As we move past the infamous 2020, we begin to see a new landscape appearing. More and more companies have embraced the benefits of working from home and have now decided to implement this indefinitely. Large social media employers like Twitter being a prime example.
This will obviously have an effect on the market as a whole as more and more companies follow suit. We could see major refurbishments to inner city office spaces in to badly needed accommodation or dread the thought, more hotels.
Of course, that is the extreme end of things. What is more likely to happen is that employers will see people only happy to come back to the office. Maybe not all, but certainly enough to warrant their current office space.
Why you may ask? Well if you are one of the ‘lucky’ ones who has been lounging on a hammock sipping martinis while typing with one hand while the kids reenact a scene from The Avengers in the background, well then you’ll know working from home can have just a few disadvantages also.
The lines between the office and home get blurred and it becomes ‘Living at work’ rather than ‘working from home’. This cannot be a good thing in the long term as we need to separate the two. Home should be where you go to unwind and relax. The threat of an email at 8 or 9 in the evening is all too real these days.

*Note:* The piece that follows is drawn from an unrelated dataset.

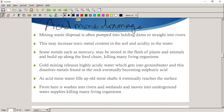Gold mining releases highly acidic water which gets into groundwater. This dissolves metals found in rock, eventually forming sulfuric acid. As acid mine water fills up old mineshafts, it eventually reaches the surface, washing into rivers and wetlands and moving into underground water supplies.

The office is at the end of the day, the most important social aspect of many of our lives. Whether it’s an office in the city, or a warehouse or factory, it’s where we see our colleagues and friends every day and most of us, I would imagine, are missing that tremendously right now.
So what lies ahead?
As of right now, like most industries, it is impossible to offer a reliable forecast of the next 12-24 months. If lockdowns continue, we may well see larger employers following Twitter to an indefinite ‘Work from home’ order.
Depending on this we could see big changes in the cities. What is most likely to happen is by the end of this year we will see a return to some form of normality in our work lives and thus a return to the stability we have enjoyed over the last several years in the commercial sector.